▶ **EXERCISE**
For the records below, give the number of lines where the string "Landscape" occurs. Include nothing else.

Collection entries
----------------

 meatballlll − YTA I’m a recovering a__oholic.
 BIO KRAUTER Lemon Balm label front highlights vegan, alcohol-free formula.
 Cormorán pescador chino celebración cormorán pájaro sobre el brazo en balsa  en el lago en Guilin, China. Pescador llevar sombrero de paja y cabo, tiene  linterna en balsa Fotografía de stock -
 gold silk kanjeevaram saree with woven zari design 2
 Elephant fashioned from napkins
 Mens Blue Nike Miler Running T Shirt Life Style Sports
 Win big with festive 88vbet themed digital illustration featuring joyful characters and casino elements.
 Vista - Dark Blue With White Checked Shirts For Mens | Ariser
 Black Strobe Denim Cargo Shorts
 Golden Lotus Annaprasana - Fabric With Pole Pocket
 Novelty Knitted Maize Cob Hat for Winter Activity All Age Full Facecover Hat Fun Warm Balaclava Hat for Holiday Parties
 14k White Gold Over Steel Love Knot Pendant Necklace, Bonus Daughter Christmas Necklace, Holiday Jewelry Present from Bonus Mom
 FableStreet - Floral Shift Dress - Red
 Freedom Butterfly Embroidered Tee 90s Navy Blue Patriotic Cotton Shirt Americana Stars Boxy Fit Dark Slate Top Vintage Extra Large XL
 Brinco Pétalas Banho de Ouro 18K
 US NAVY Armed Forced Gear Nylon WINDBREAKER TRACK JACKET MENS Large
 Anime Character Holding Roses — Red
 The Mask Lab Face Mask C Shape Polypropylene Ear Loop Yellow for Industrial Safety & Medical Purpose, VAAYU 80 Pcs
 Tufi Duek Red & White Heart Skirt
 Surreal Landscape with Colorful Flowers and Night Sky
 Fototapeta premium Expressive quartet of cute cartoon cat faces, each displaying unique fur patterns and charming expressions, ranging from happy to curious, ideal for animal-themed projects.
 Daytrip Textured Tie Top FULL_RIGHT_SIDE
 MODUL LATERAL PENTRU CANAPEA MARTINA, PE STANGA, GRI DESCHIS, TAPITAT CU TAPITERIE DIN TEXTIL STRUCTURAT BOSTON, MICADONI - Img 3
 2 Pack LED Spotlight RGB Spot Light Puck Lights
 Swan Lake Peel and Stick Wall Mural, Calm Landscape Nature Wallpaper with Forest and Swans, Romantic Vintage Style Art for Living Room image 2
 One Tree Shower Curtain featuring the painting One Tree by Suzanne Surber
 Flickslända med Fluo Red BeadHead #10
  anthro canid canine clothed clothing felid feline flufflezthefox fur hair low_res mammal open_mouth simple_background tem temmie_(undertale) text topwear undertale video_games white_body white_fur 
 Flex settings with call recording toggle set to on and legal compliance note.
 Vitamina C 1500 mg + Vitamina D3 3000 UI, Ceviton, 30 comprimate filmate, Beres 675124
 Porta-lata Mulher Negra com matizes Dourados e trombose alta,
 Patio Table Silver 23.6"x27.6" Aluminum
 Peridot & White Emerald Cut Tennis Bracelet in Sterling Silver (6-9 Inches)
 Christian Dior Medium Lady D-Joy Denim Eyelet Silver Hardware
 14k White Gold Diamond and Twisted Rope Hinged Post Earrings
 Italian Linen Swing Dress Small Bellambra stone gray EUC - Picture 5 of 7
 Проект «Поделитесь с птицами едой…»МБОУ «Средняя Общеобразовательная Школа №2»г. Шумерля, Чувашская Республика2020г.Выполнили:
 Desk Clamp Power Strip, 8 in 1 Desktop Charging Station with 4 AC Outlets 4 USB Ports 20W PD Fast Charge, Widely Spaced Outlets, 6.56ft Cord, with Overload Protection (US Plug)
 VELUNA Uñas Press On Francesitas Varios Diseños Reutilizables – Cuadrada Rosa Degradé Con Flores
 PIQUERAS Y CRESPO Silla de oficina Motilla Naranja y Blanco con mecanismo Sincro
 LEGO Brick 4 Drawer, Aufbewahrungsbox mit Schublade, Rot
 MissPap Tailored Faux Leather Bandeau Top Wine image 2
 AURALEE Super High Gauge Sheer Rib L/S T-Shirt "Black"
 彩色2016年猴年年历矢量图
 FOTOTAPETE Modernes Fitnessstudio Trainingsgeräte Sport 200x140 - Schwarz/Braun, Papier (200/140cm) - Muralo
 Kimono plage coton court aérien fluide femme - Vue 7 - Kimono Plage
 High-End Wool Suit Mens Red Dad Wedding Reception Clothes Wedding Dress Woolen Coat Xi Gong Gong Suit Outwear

----------------

▶ **ANSWER SPACE**
2